Add a "next message" cursor / reset semantics so a long-lived AsyncPipeReaderInput can be reused across multiple Deserialize<T>(input, opts) calls without setting up a fresh instance per message. Removes the per-message ArrayPool rent + ManualResetEventSlim allocation + two Task.Run calls that the canonical pattern (DeserializeFromPipeReaderAsync) requires today, opening a true zero-alloc-per-message path on long-lived raw IPC transports (NamedPipe, FileStream, NetworkStream).

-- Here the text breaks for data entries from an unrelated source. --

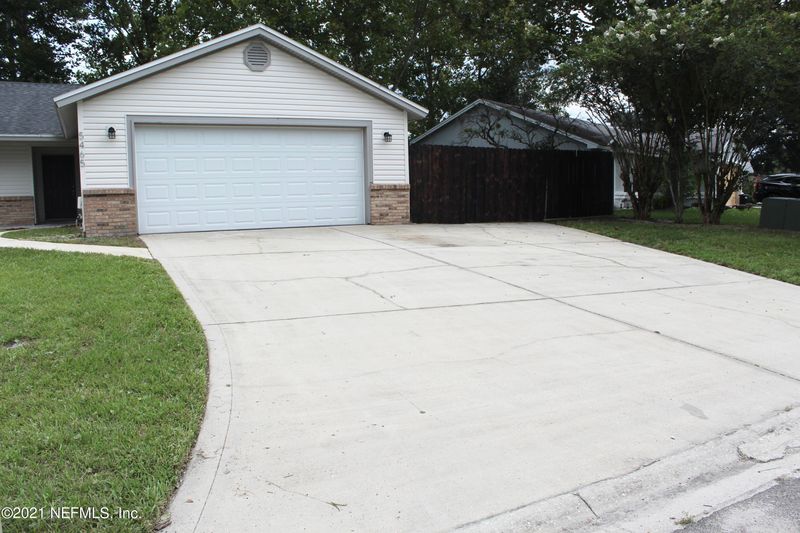 5465 Corky Ct, Jacksonville, FL 32244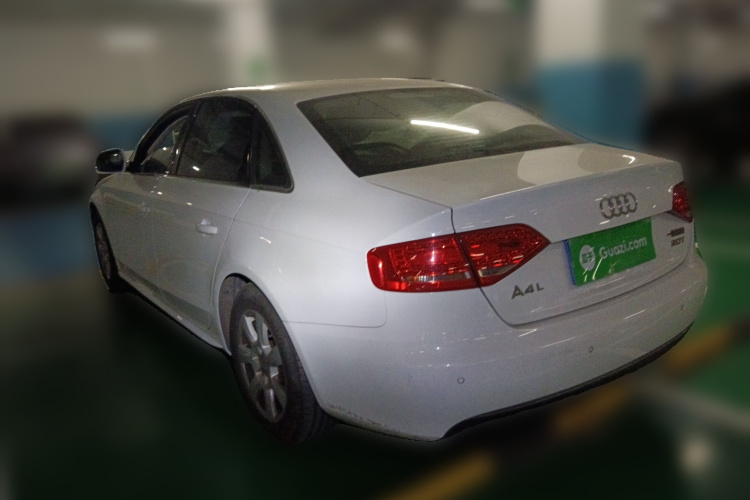 奥迪A4L 2010款 2.0 TFSI 舒适型车身外观5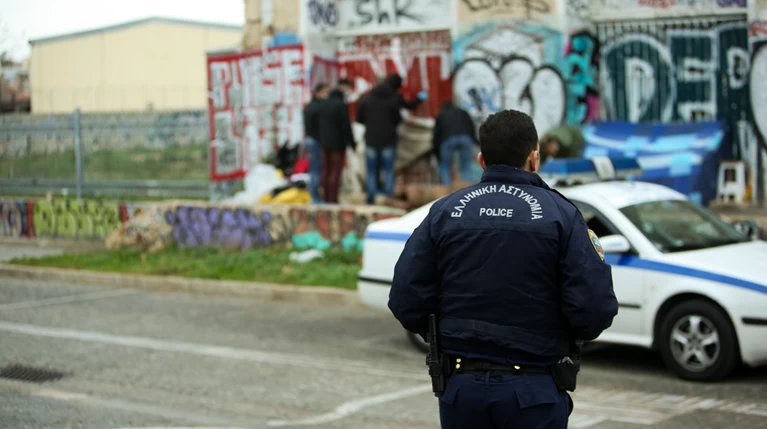 Αγγλος άστεγος ο νεκρός στον σταθμό του ΗΣΑΠ στο Θησείο (φωτο)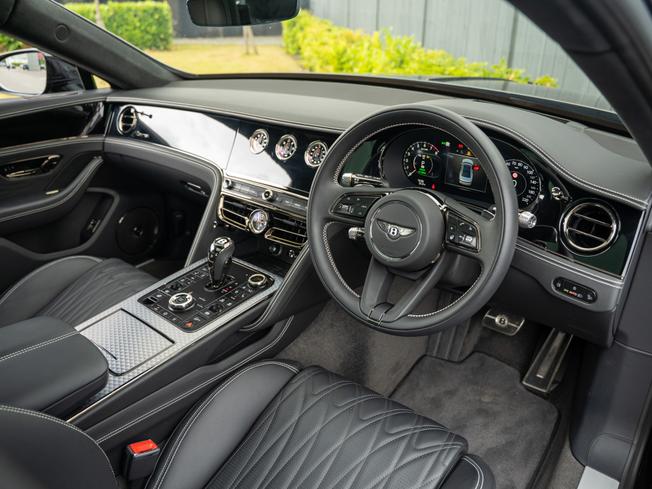 BENTLEY Flying Spur Photo 11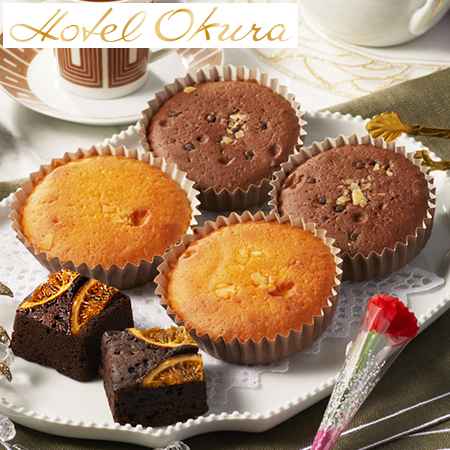 ホテルオークラスイーツセットミニカーネーション（造花）付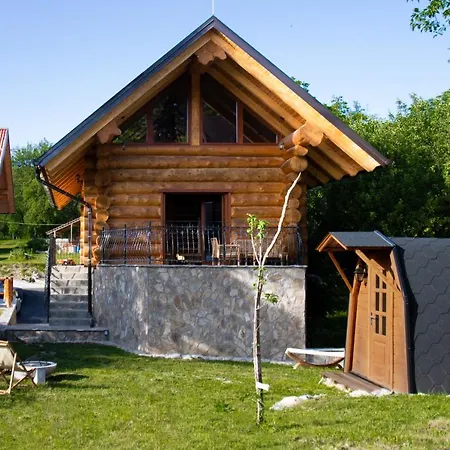 Dom wakacyjny Brunarica Biopark -log House Biopark *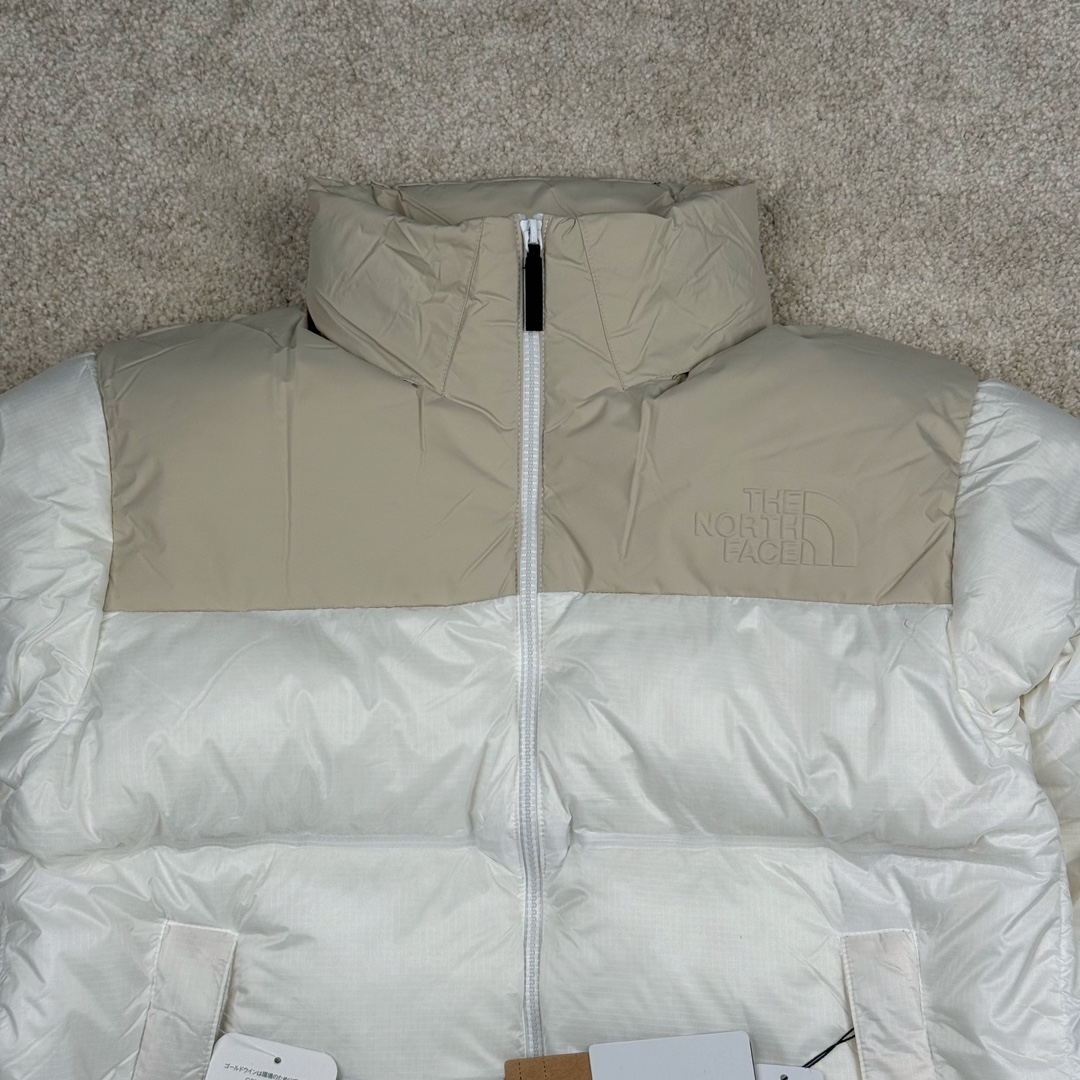 图片[5]-THE NORTH FACE GORE-TEX 北面全热封拼接撞色Logo印花蓬松立领拉链长袖羽绒服 The North Face于1966年成立，一直致力于为户外运动员的每一次严酷探索提供专业装备。作为全球户外运动领导品牌，The NorthFace以经过专业运动员测试、适应各类户外需求的产品助力探索者不断超越自我，激发人类潜能。The North Face象征着众多山脉中更冷、更值得挑战的北坡。品牌标志则来自Half Dome，一座位于美国加州Yosemite NationalPark（优胜美地国家公园）里的山峰，中文名字取为「北面」，象征着不畏惧的户外探索精神。1997年，The North Face采用全新的宣传标语「Never Stop Exploring探索永不停止」，体现品牌的探索精神，成为品牌的座右铭。 尺码：XS S M L XL XXL-选品中心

Design candidates (pick one — prototype first, measure the small-message zero-alloc claim before committing):

  • A. Initialize emits _readPos as starting position (instead of always 0), and the sliding-window reset becomes "anytime _readPos > 0 after a Deserialize completes, reset both _writePos and _readPos to 0". Smallest API change, no public surface added. Caveat: requires the deserializer to call TryAdvanceSegment at least once during message read so _readPos reflects the consumed boundary — small fully-buffered messages currently skip it entirely.

  • B. New SetReadCursor(int position) / AdvanceReadTo(int position) method: caller (deserializer or wrapper) reports the consumed offset after each Deserialize. Sliding-window reset triggers explicitly. Cleaner separation of concerns (consumer knows where it stopped), but adds a public API surface.

  • C. ResetCompletion() for framed mode: orthogonal to A/B — needed for framed multi-message reuse where the [202] CHUNK_END marker currently makes _completed = true irreversible. Combine with whichever cursor design is chosen.

Acceptance:

  • New tests exercise N consecutive Deserialize<T>(sharedInput, opts) calls on the same instance, both raw and framed modes, with payload sizes both above and below the initial buffer capacity. All N results match their respective inputs (no buffer-position aliasing, no message-#1-duplicate-on-#2 regression).
  • Existing DeserializeFromPipeReaderAsync unit tests continue to pass (single-message path unchanged).
  • Wire format unchanged (this is consumer-side reader plumbing, not a wire-level change).
  • Allocation profile of N consecutive reads on the shared input: 0 bytes per call after warmup (ArrayPool rent reused across calls, no MRES per call, no Task.Run per call). The deserialized object graph allocations stay (those are user-visible).